Cameron to make case for Syria airstrikes vote ‘in coming days’
Speaking in the House of Commons, the prime minister said the attacks in Paris on Friday justify a “full spectrum approach,” including military power, counter-terrorism action and countering the narrative of extremism.
Labour leader Jeremy Corbyn has indicated he will only back military action if it is legally backed by the UN.
He told Cameron a few bombs and missiles will not transform the situation in Syria and urged him to provide answers to questions raised in a recent Foreign Affairs Committee report, which stated the UK should not extend airstrikes into Syria unless there is a “coherent international strategy that has a realistic chance of defeating ISIL and of ending the civil war in Syria.”
Cameron told the House of Commons the Paris attacks had strengthened the case for tackling IS on its own ground.
“It is in Syria, in Raqqa, that ISIL has its headquarters and it is from Raqqa that some of the main threat against this country are planned and orchestrated. Raqqa, if you like, is the head of the snake,” the PM said.
PM to set out a 'comprehensive strategy' for taking on ISIL inc taking action in Syria -sounds like efforts to win a vote back on the burner— Laura Kuenssberg (@bbclaurak) November 17, 2015
“Over Syria we are supporting our allies the US, France, Jordan and the Gulf countries with intelligence, with surveillance and with refueling. But I believe, as I have said many times before, we should be doing more. We face a direct and growing threat to our country and we need to deal with it, not just in Iraq, but in Syria too.”
“The case for doing so has only grown stronger after the Paris attacks.
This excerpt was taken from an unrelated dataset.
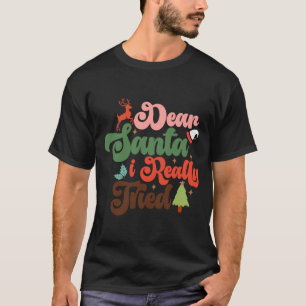 Lieber Weihnachtsmann Retro Groovy Weihnachtsferie T-Shirt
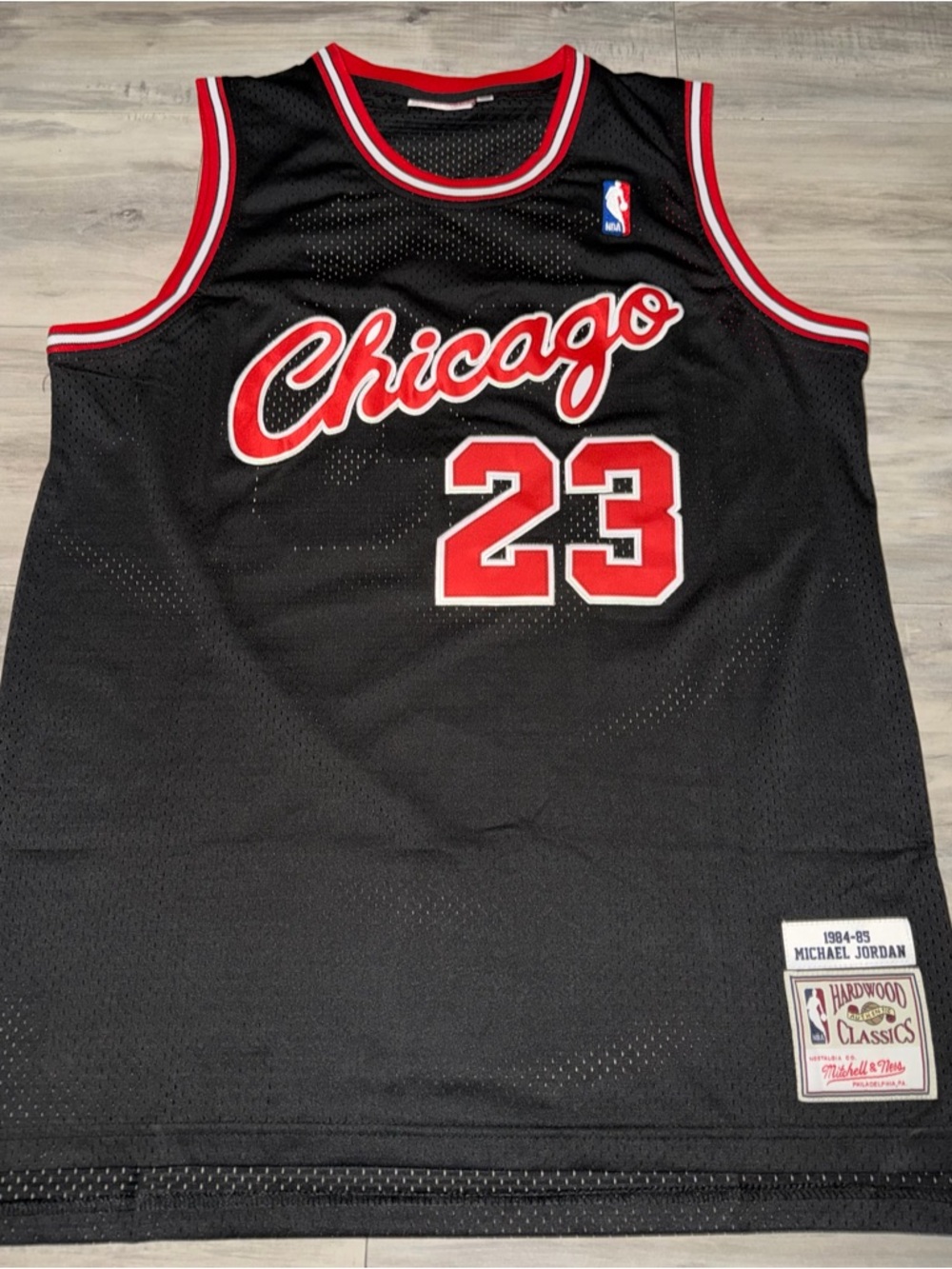Mitchell & Ness Black Chicago 23 Hardwood Classics Jersey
We cannot expect, we should not expect, others to carry the burdens and risks of protecting our country,” he added.
Cameron said he would put his personal authority behind the government’s response to the recent Foreign Affairs Committee report. The PM’s response will set out his strategy and lay out arguments for taking action in Syria.
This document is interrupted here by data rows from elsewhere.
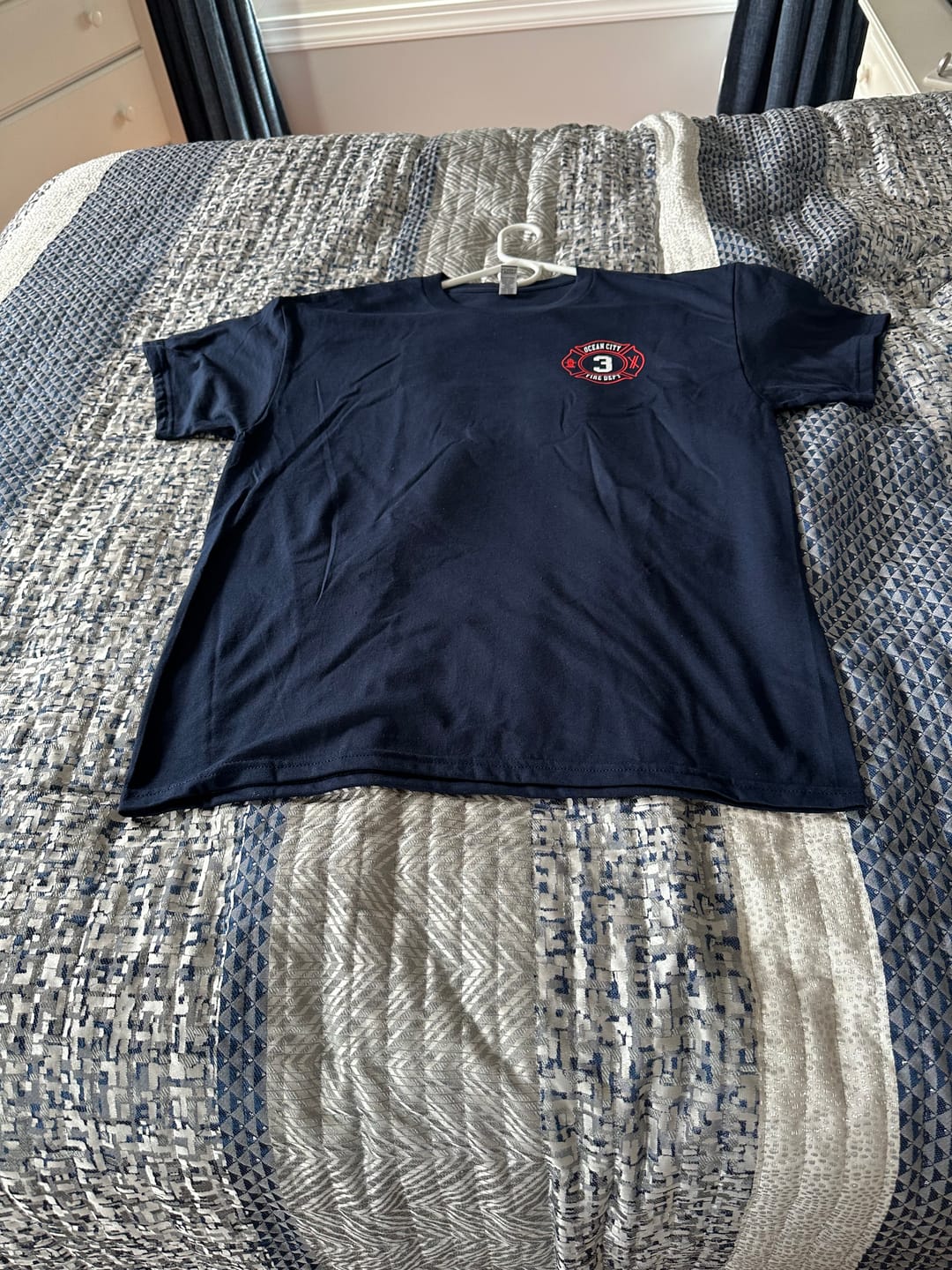 Customer photo review of Custom Fire Department T-Shirt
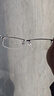 蔡司（ZEISS）镜片近视眼镜框男半框防蓝光辐射可配带散光度数眼睛女钛合金镜架 升级钛材 黑银 配colorein镜片1.60超薄 0-800 实拍图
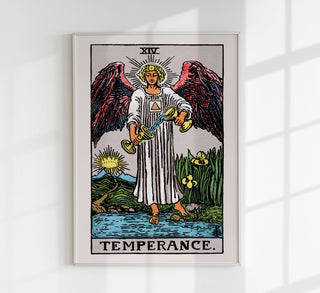 Temparance Tarot Art Poster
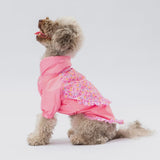 Pink Hooded Raincoat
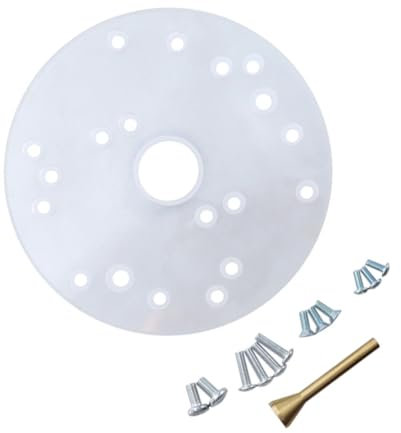Homoyoyo 1set Router Base Plate Acrylic Base for Trimmers Compatible Trim Routers Easy Installation Includes Assorted Screws and Alignment Pin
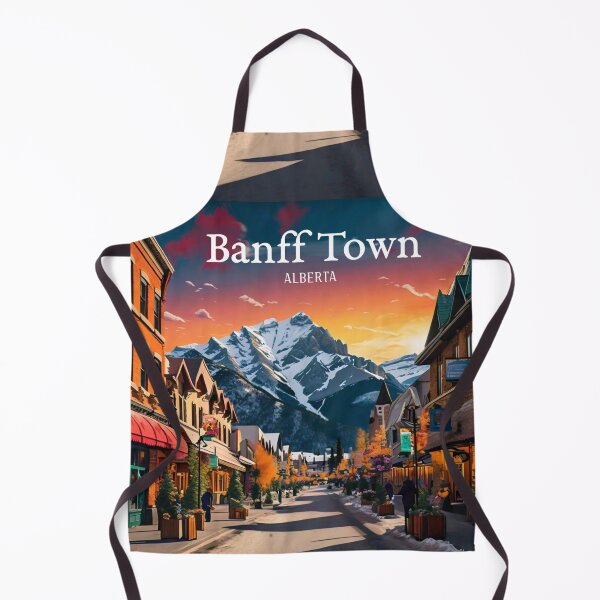 Item preview, Wall  Art Canada | Banff Town Travel Vintage Poster designed and sold by kestrada2906.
David Cameron says he will respond personally to the Foreign Affairs Committee on Syria to build the case for military intervention in Syria— Steven Swinford (@Steven_Swinford) November 17, 2015
“That is what I am going to be putting in place over the coming days and I hope colleagues from across the House will engage with that and make clear their views, so we can have a strong vote in this House of Commons and do the right thing for our country,” he said.
The PM refused to accept Corbyn’s comment that IS grew out of the invasion of Iraq by coalition forces in 2003.
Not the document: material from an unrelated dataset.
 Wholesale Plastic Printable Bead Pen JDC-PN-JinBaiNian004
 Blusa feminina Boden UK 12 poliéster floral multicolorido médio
Cameron told the Labour leader not to seek “excuses” for IS, arguing it is one variant of an Islamic extremism that has been in the world for more than 20 years. He added that the 9/11 attacks on New York happened before the Iraq war.
In his response to Cameron’s statement, Corbyn pressed the PM to ask what is being done to stop the supply of weapons to Islamic State and repressive regimes in the region. He also asked what is being done to cut funding for ISIS and to stop them from selling oil.
The PM said ISIS gains much of its money from selling oil to the Syrian regime, adding this is another reason for Britain to intervene.